Why it matters
From the President to Senators to Representatives, everyone in Washington, D.C. appears to be focused on privacy-related issues. Continuing his focus on cybersecurity, President Barack Obama signed an executive order intended to promote information sharing in the private sector about cyber threats just a few days after Sen. Tom Carper (D-Del.) introduced the Cyber Threat Sharing Act of 2015. Industry response to the order was cautiously optimistic. President and CEO of the American Bankers Association Frank Keating said the order “will help the business community and government agencies share critical threat information more effectively,” adding that lawmakers must craft a measure that “gives businesses legal certainty that they have a safe harbor against frivolous lawsuits when voluntarily sharing and receiving threat indicators and countermeasures in real time and taking actions to mitigate cyber attacks.” The President also presented a discussion draft of his Consumer Privacy Bill of Rights to lukewarm reaction; Sen. Robert Menendez (D-N.J.) responded with his version, the Commercial Privacy Rights Act, which encompassed data security regulations, a data breach notification provision, and additional protections for children’s privacy. A House bill, the Data Security and Breach Notification Act, soon joined the party. Clearly, privacy and data security remains a hot topic for both the President and Congress. With so many proposals floating around the Capitol, the chances of passing a particular piece of legislation remain unclear.
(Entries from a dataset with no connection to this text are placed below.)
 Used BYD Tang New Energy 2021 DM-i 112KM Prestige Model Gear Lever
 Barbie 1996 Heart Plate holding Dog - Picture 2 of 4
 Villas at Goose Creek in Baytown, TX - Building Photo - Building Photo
Over the last few weeks, President Barack Obama has made cybersecurity issues a key focus. While attending the White House’s Summit on Cybersecurity and Consumer Protection held at Stanford University, he signed an executive order encouraging information sharing and increased cooperation between private entities and the government. “There’s only one way to defend American from these cyber threats, and that is through government and industry working together, sharing appropriate information as true partners,” President Obama said.
Under the auspices of the order, the Secretary of the Department of Homeland Security (DHS) “shall strongly encourage” the development and formation of Information Sharing and Analysis Organizations, or ISAOs, organized by sector, region, or in response to emerging threats or vulnerabilities.
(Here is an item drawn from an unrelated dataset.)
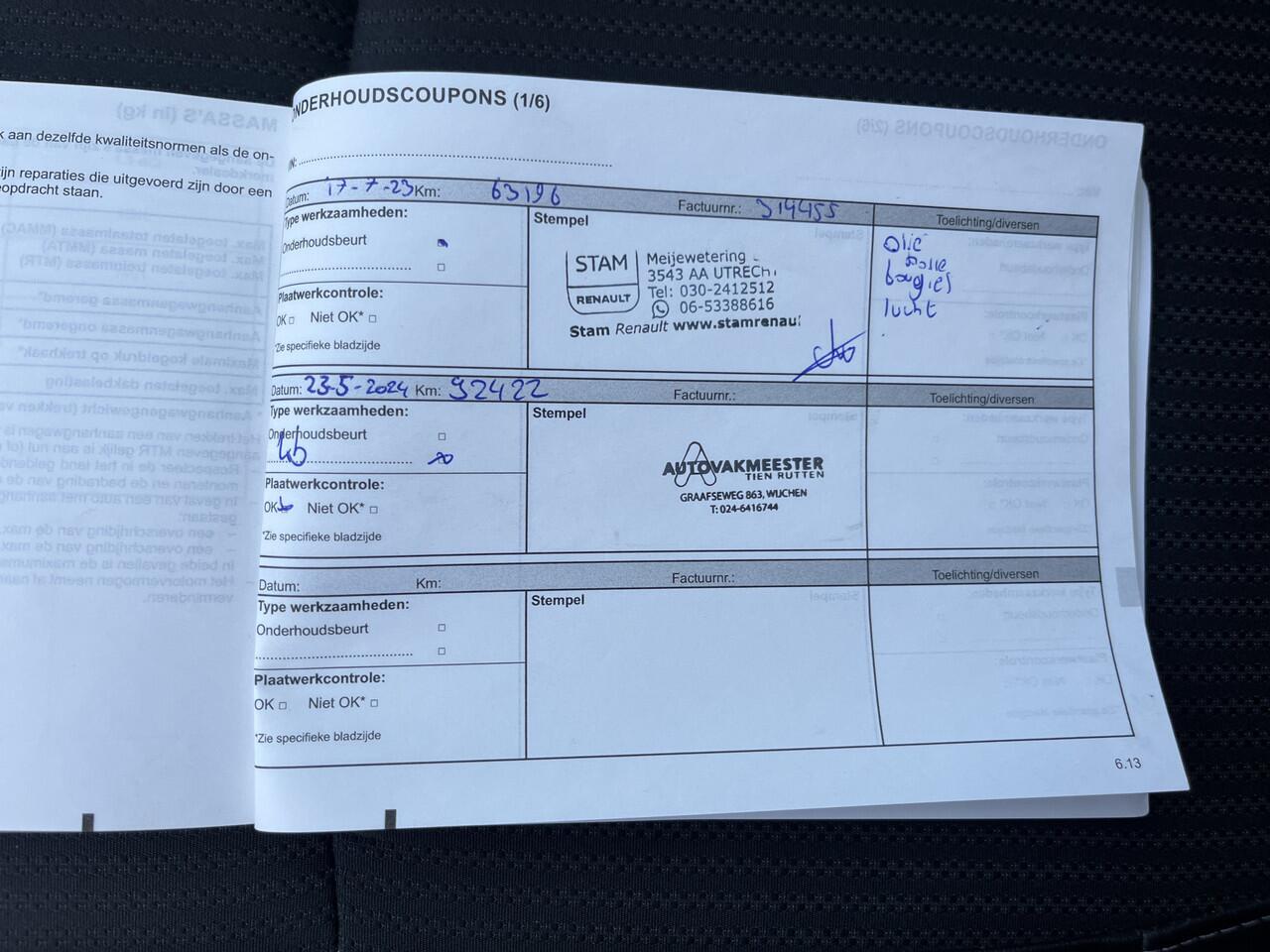 Renault MEGANE Estate 1.3 TCe Intens / Automaat / Trekhaak / Keyless / Cruise / Climate / Applecarplay - Androidauto /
The “Promoting Private Sector Cybersecurity Information Sharing” order is intended “to encourage the voluntary formation of such organizations, to establish mechanisms to continually improve the capabilities and functions of these organizations, and to better allow these organizations to partner with the Federal Government on a voluntary basis.”
ISAOs may include members from both the public and private sectors and exist as for-profit or nonprofit entities. Overseeing the ISAOs: The National Cybersecurity and Communications Integration Center (NCCIC) of DHS, which “shall engage in continuous, collaborative, and inclusive coordination” with the groups with regard to information sharing.
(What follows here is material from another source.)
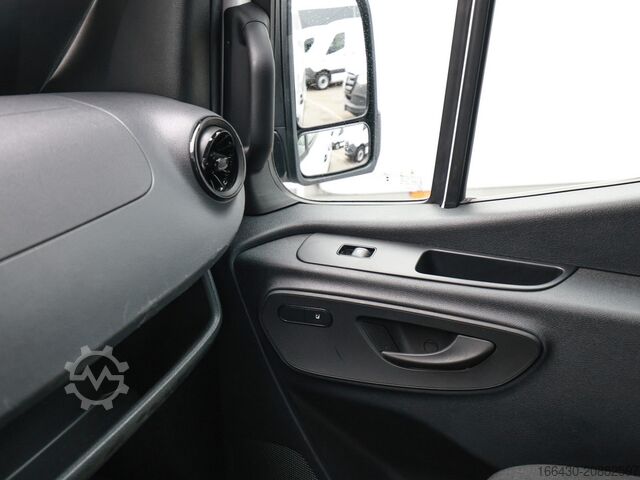 Furgoneta de caja alta Mercedes-Benz Sprinter 317 CDI Kasten L3H2 Holz Navi Kamera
DHS would also be tasked with selecting a private entity to establish “a common set of voluntary standards or guidelines for the creation and functioning” of ISAOs under the order, in consultation with other federal agencies and through an open and competitive process. The standards themselves “shall further the goal of creating robust information sharing related to cybersecurity risks and incidents,” according to the order, “to create deeper and broader networks of information sharing nationally, and to foster the development and adoption of automated mechanisms for the sharing of information.”
Those entities that self-certify the ISAO’s best practices are provided with liability protection for sharing cyber threat information with the ISAO.
Lawmakers have also climbed aboard the cybersecurity bandwagon, with Sen. Tom Carper (D-Del.) introducing S. 456, the Cyber Threat Sharing Act of 2015. Similar to the President’s information sharing proposal, the bill would direct the DHS to select a private entity to identify best practices for ISAOs.
Importantly for businesses, the proposed law would provide liability protections to entities that voluntarily share lawfully obtained indicators with either the NCCIC or an ISAO that has self-certified it has adopted the best practices identified by the DHS-selected private entity. Information shared could not be used as evidence in a regulatory action against the company and privacy protections included in the measure would require businesses to attempt to minimize identifying information using anonymization and the destruction of data.
On a separate front in the battle over privacy, the President also released his long-promised Consumer Privacy Bill of Rights, intended to provide baseline privacy protections for consumers in the commercial context.
Pursuant to the measure, covered entities would be required to provide consumers with concise and easy to understand notice about privacy and security practices as well as “reasonable means to control the processing of personal data about them in proportion to the privacy risk to the individual and consistent with context.”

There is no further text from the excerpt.